→ **Goal of the exercise**
Beginning at the line that mentions "Only & Sons", retype the rest of the records below exactly. Pictures are not part of the copy.

→ **Dataset**
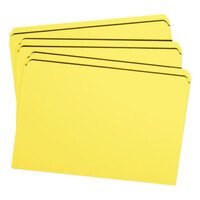 Smead 17910 Legal Size File Folder - Standard Height with Reinforced Straight Cut Tab, Yellow - 100/Box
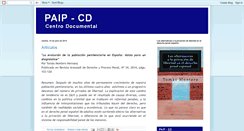Desktop Screenshot of centrodocumental-paip.blogspot.com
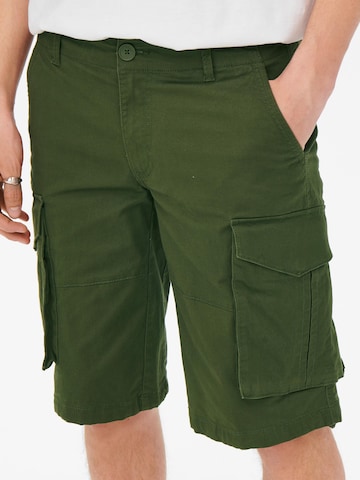 Only & Sons Regular Cargo Pants 'Kim' in Green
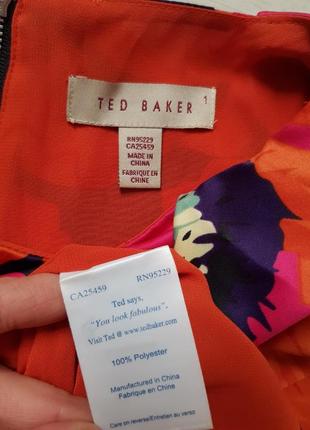 Изысканное яркое платье в маки ted baker7 фото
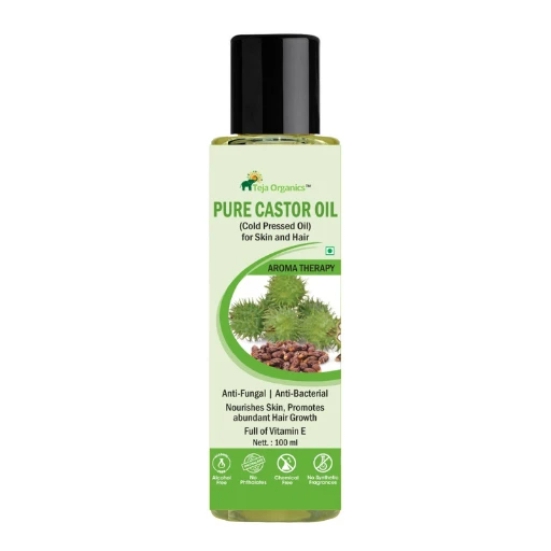 Teja Organics Pure Castor Oil 100 ml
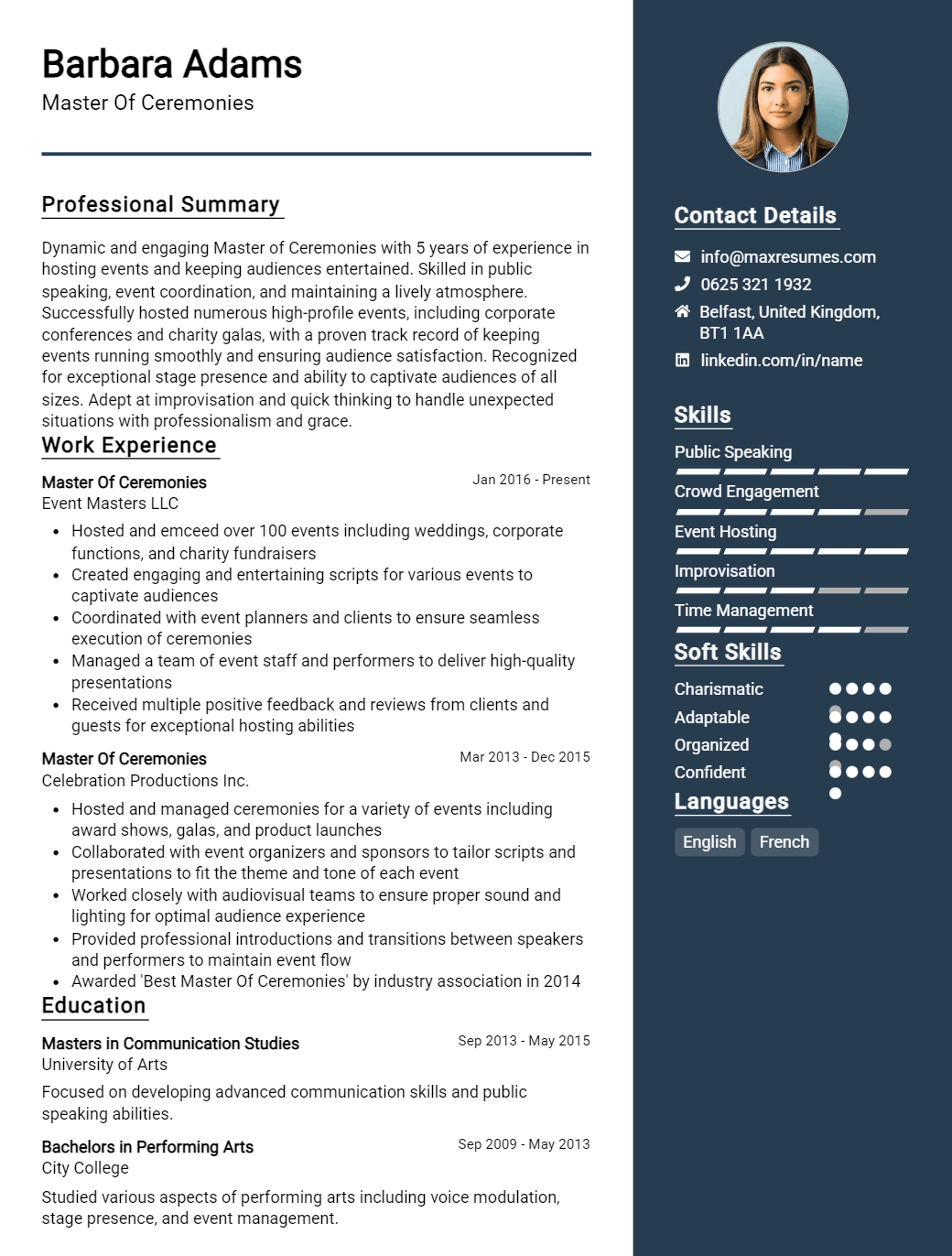 master-of-ceremonies-resume-sample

→ **Expected answer**
 Only & Sons Regular Cargo Pants 'Kim' in Green
 Изысканное яркое платье в маки ted baker7 фото
 Teja Organics Pure Castor Oil 100 ml
 master-of-ceremonies-resume-sample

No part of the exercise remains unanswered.